Марина нервно засмеялась.

– Ты шутишь? Какой декрет в моём возрасте? Это говорить хорошо, а куда я с маленьким потом? Это ж не игрушка, а ребёнок! Что я ему дам? Мужа нет и не предвидится! Дочка на мне! Родители вообще в деревне!

Катя сочувственно смотрела на подругу.

– Моть, по-моему, ты себя накручиваешь. Я так понимаю, кризис у тебя, а тут перемена участи. Судьба. Может, воспользоваться надо? Я бы на твоём месте с удовольствием в декрет сходила…

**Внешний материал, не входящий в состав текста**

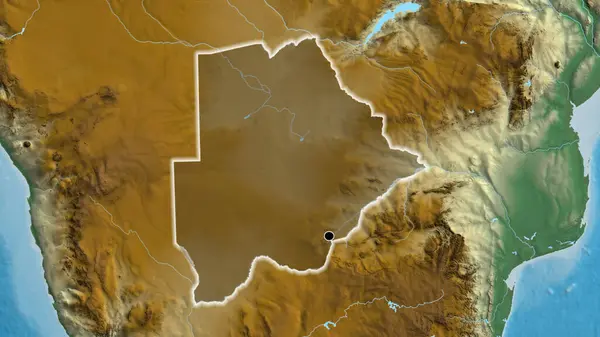 Крупный План Приграничной Зоны Ботсваны Выделяющийся Тёмным Наложением Рельефную Карту — стоковое фото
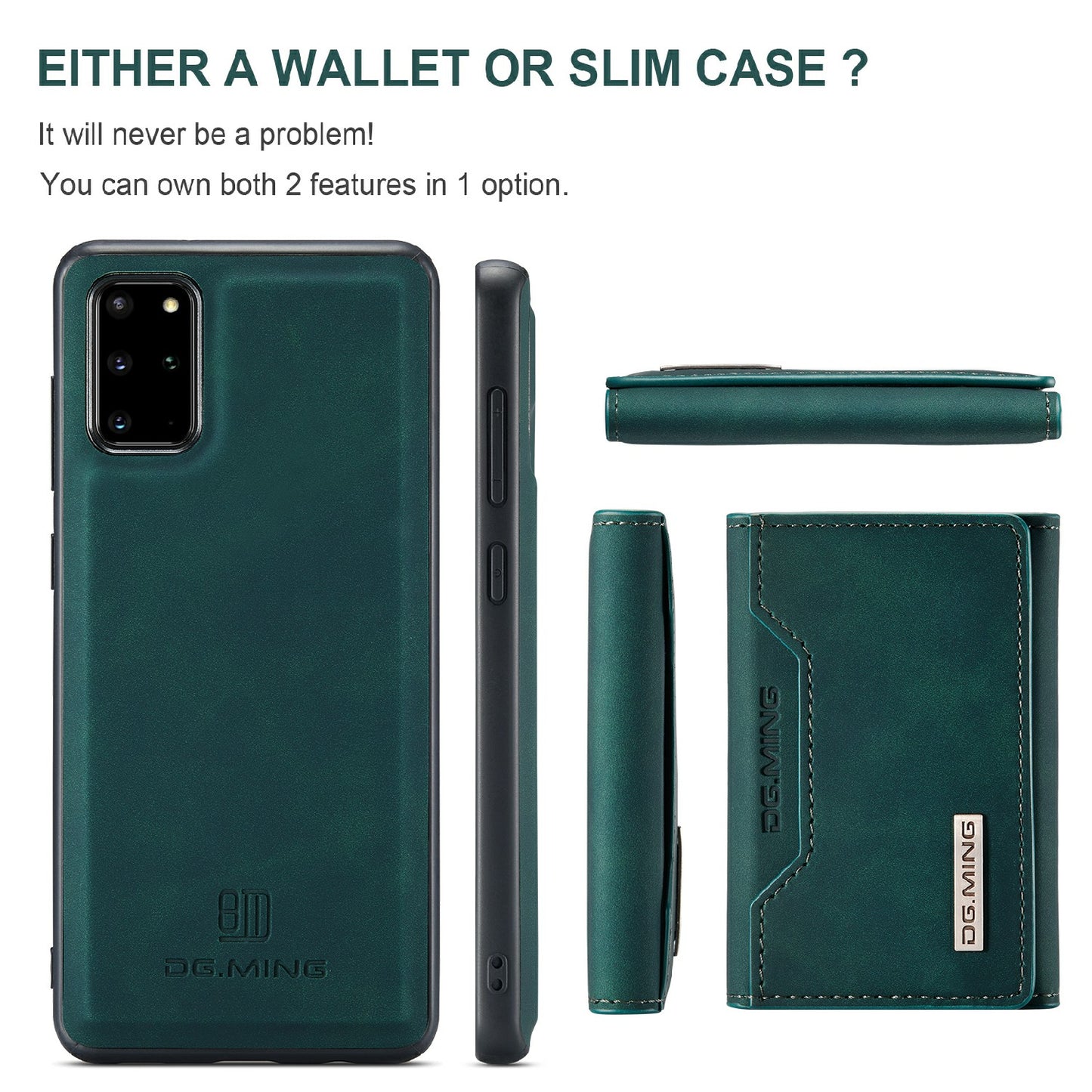 DG.MING M2 Series Anti-drop Magnetic Wallet Design with Kickstand Leather Coated Hybrid Case for Samsung Galaxy S20 Plus - Green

– Ну, вот ты на своём и сходи!

– Мотя! Но я же серьёзно!

– И я серьёзно! Как я могу родить? На какие шиши? Кто нас содержать будет? «Перевести дух, остановиться, оглянуться» – отлично! Только чем я двоих детей кормить буду, ты не подумала, нет? Знаешь, я, может тоже хотела бы, как в той песенке: «Когда б мы жили без затей, я нарожала бы детей от всех, кого любила, всех видов и мастей». Но мы, Катя, живём не в песне! И живём мы с затеями, да ещё с какими! И я не хочу всех мастей, не хочу «от всех, кого любила»! Не хочу, чтобы на меня показывали пальцем, чтобы соседи за моей спиной перешёптывались! Дети должны рождаться в семье, у них должны быть мама и папа! И мама должна быть не старуха, как я, а молодая женщина, неужели это не ясно?

Катя возмущённо замахала руками:

– Не сочиняй, пожалуйста, никакая ты не старуха. Старухи не рожают по определению, а если уж тебе, дурёхе великовозрастной, выпал шанс, так и воспользуйся им! – и плевать на соседей!

Марина помолчала, улыбнулась вымученно.

– Хорошая ты девочка, Катя. И ты отлично всё придумала. Тебе нужно быть писателем – у тебя получатся замечательные детские сказки.

Она встала.

– Пойдём, Катюш. У меня Машка там одна, а мне ещё в больницу собираться.

***

На улице уже почти стемнело, горели жёлтые фонари и их свет делал улицу нарядной и уютной. Слегка приморозило, сыпал лёгкий снежок, и прогуляться с подругой по вечернему городу было одно удовольствие, тем более, что Катин «Рено» был припаркован в нескольких кварталах от «Смородинки». Марина вдохнула полной грудью и… на неё вдруг накатил необъяснимый страх, защемило сердце. Она в панике остановилась, схватила Катю за руку. Та с тревогой обернулась:

– Ты что, Моть? Плохо тебе?

– Я боюсь, Катька. Вдруг со мной случится что?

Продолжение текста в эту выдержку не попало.